On Fri, 14 May 2021 22:30:16 GMT, Michael Strauß <mstra...@openjdk.org> wrote:

>> The internal BidirectionalBinding class implements bidirectional bindings 
>> for JavaFX properties. The design intent of this class is to provide 
>> specializations for primitive value types to prevent boxing conversions (cf. 
>> specializations of the Property class with a similar design intent).
>> 
>> However, the primitive BidirectionalBinding implementations do not meet the 
>> design goal of preventing boxing conversions, because they implement 
>> ChangeListener.
>> 
>> ChangeListener is a generic SAM interface, which makes it impossibe to 
>> invoke an implementation of ChangeListener::changed with a primitive value 
>> (i.e. any primitive value will be auto-boxed).
>> 
>> The boxing conversion happens, as with all ChangeListeners, at the 
>> invocation site (for example, in ExpressionHelper). Since the boxing 
>> conversion has already happened by the time any of the BidirectionalBinding 
>> implementations is invoked, there's no point in using primitive 
>> specializations of BidirectionalBinding after the fact.
>> 
>> This issue can be solved by having BidirectionalBinding implement 
>> InvalidationListener instead, which by itself does not incur a boxing 
>> conversion.

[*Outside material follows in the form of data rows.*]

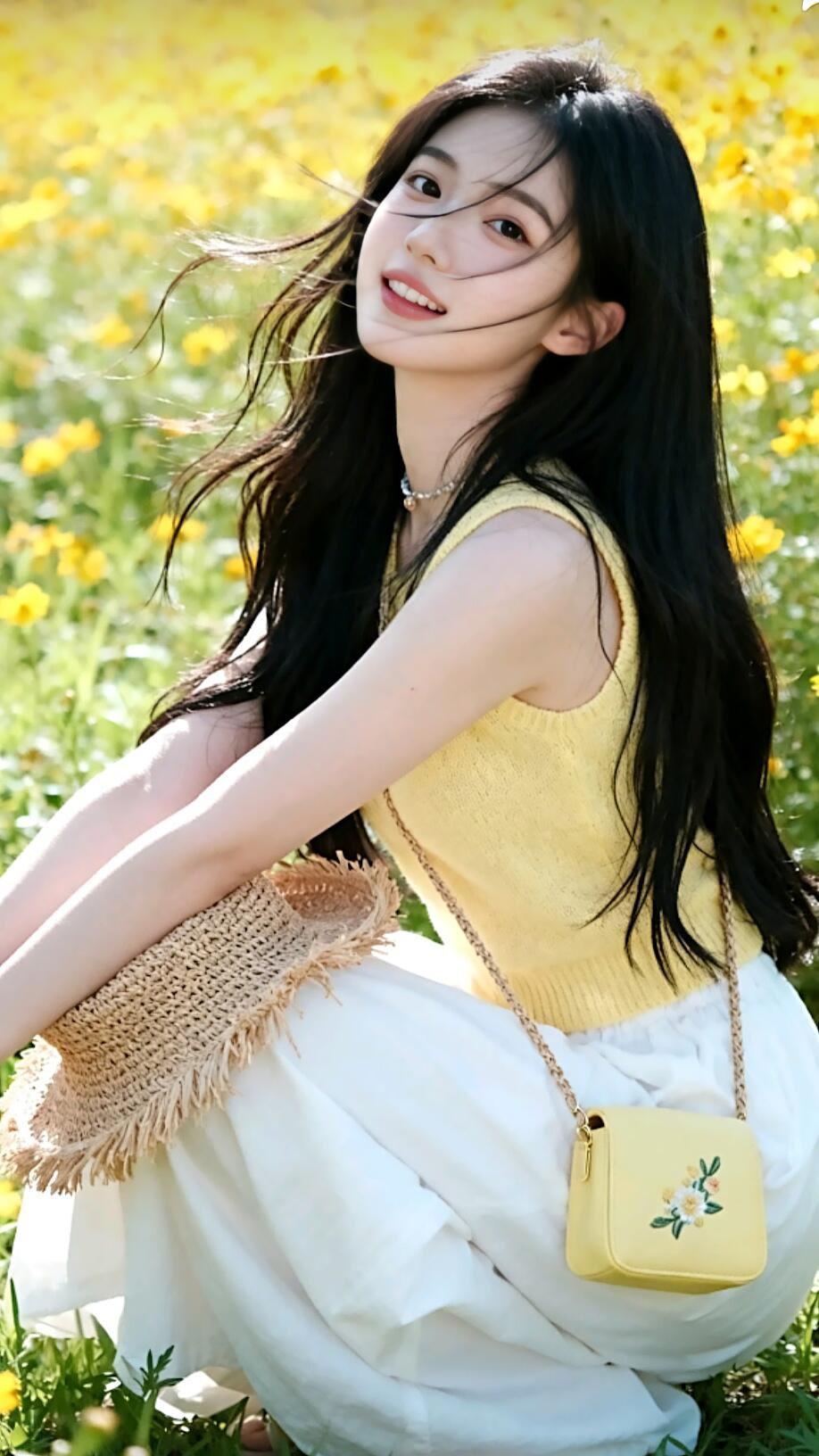 阳光下的少女，花海中的甜美时光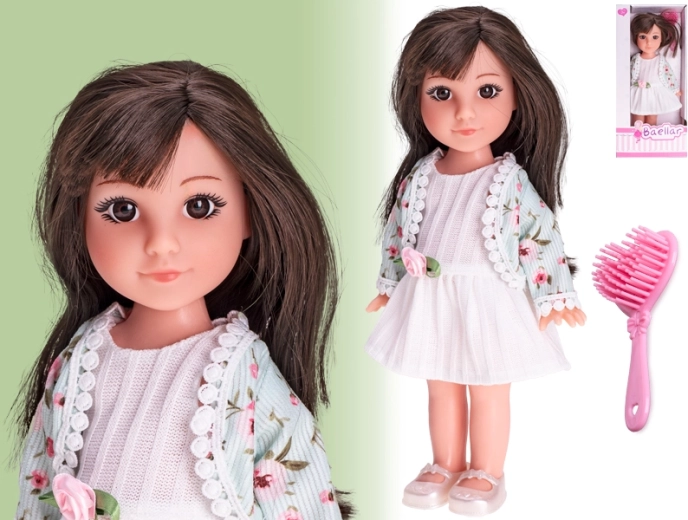 Módní panenka 30 cm s pevným plastovým tělem a hřebenem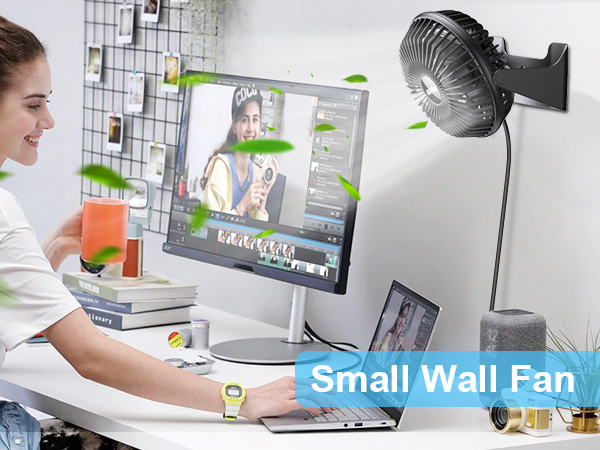 hang small wall fan quiet usb fan for desk personal cooling fan for office study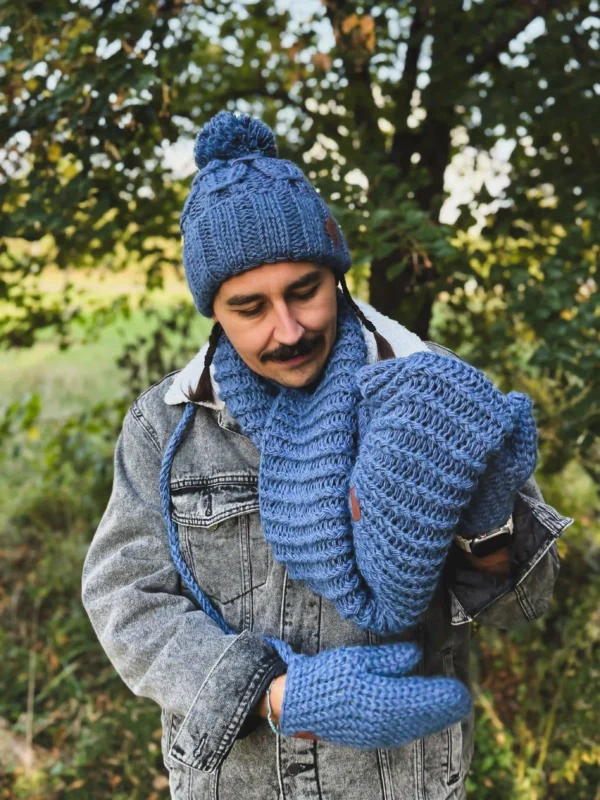 Męski komin MERINO "Ciemny niebieski"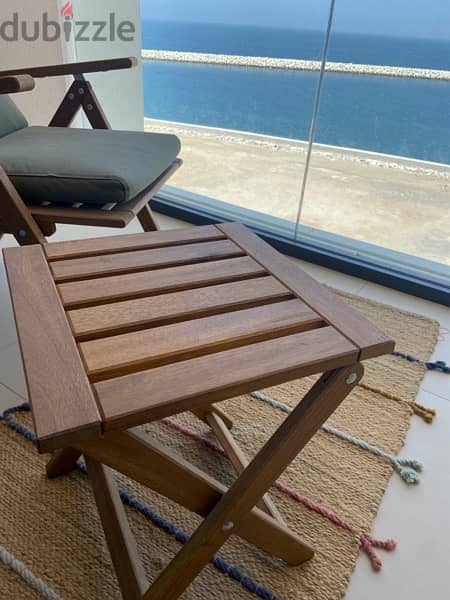 outdoor wooden chairs with seat pad and cover - New 3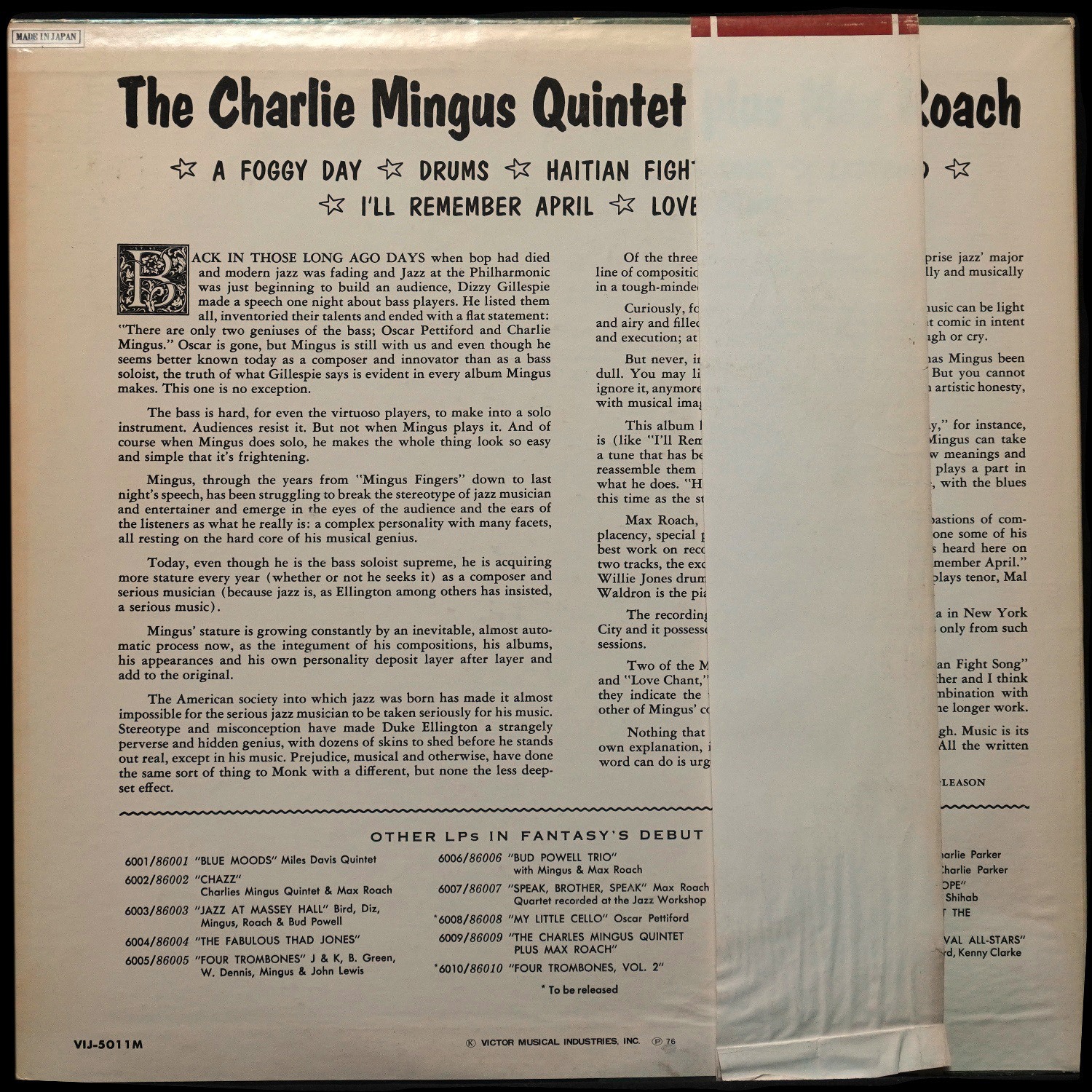 LP Charles Mingus Quintet — Charles Mingus Quintet + Max Roach (моно, + obi) фото 2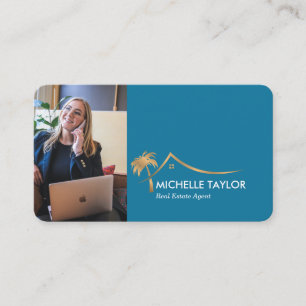 Beachfront Property Real Estate Realtor Photo QR Business Card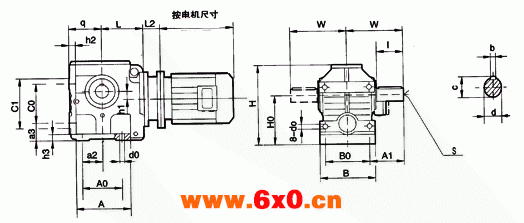 圆柱蜗杆减速机的安装尺寸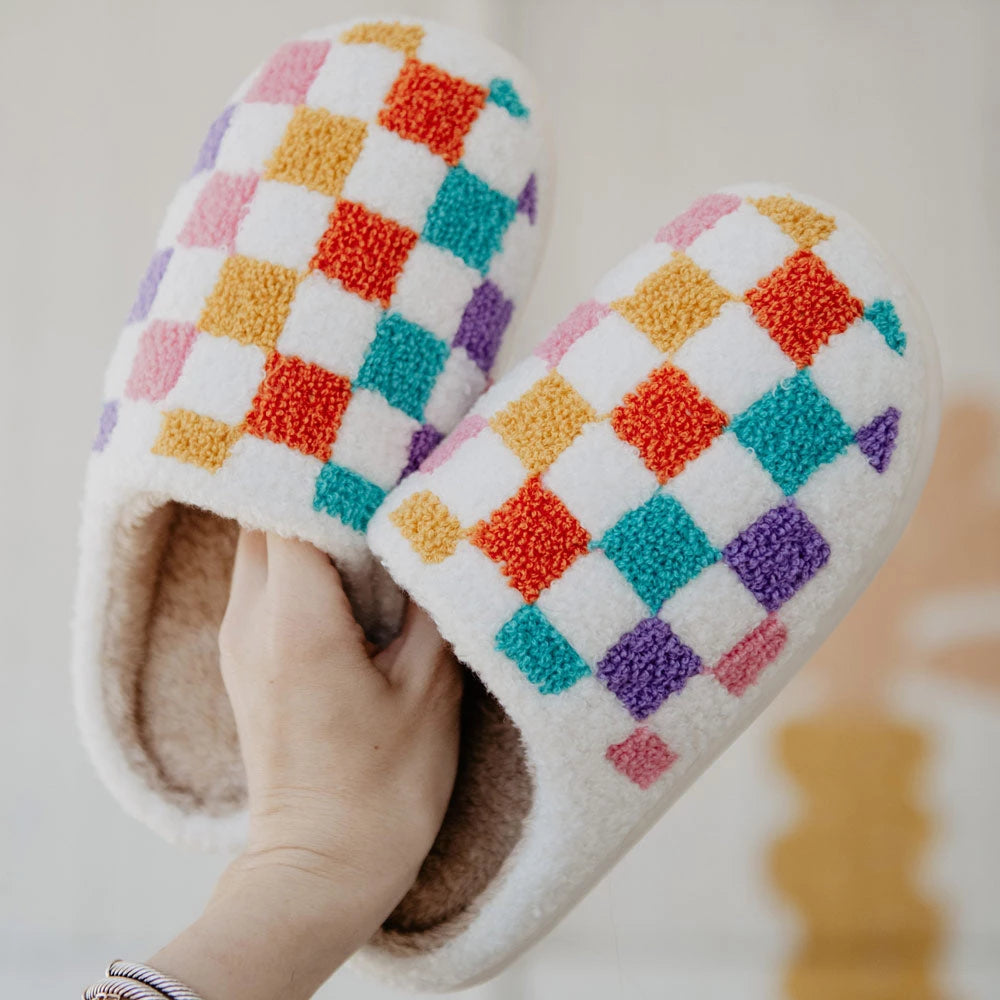 Multicolored Checkered Sherpa Slippers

Because bidirectional bindings are eagerly evaluated, the 
>> observable behavior remains the same.
>> 
>> I've filed a bug report with the same title.
>
> Michael Strauß has updated the pull request incrementally with one additional 
> commit since the last revision:
> 
>   added missing oldValue assignments

modules/javafx.base/src/main/java/com/sun/javafx/binding/BidirectionalBinding.java
 line 157:

> 155: 
> 156:         property1.setValue((T)property2.getValue());
> 157:         property1.addListener(binding);

About lines 156-158:

        property1.setValue(property2.getValue());
        property1.addListener(binding);
        property2.addListener(binding);

The bindings added do not validate the properties anymore as it is an 
invalidation listener now instead of a change listener.  This doesn't matter 
for `property2` as its `getValue` is called which will force its revalidation, 
but for `property1` this is not the case.  This small program demonstrates this:

    SimpleDoubleProperty p = new SimpleDoubleProperty(2);

    InvalidationListener invalidationListener = obs -> 
System.out.println("Invalidated");

    p.addListener(invalidationListener);

    p.setValue(3);
    p.setValue(4);

The program as expected only prints `invalidated` once.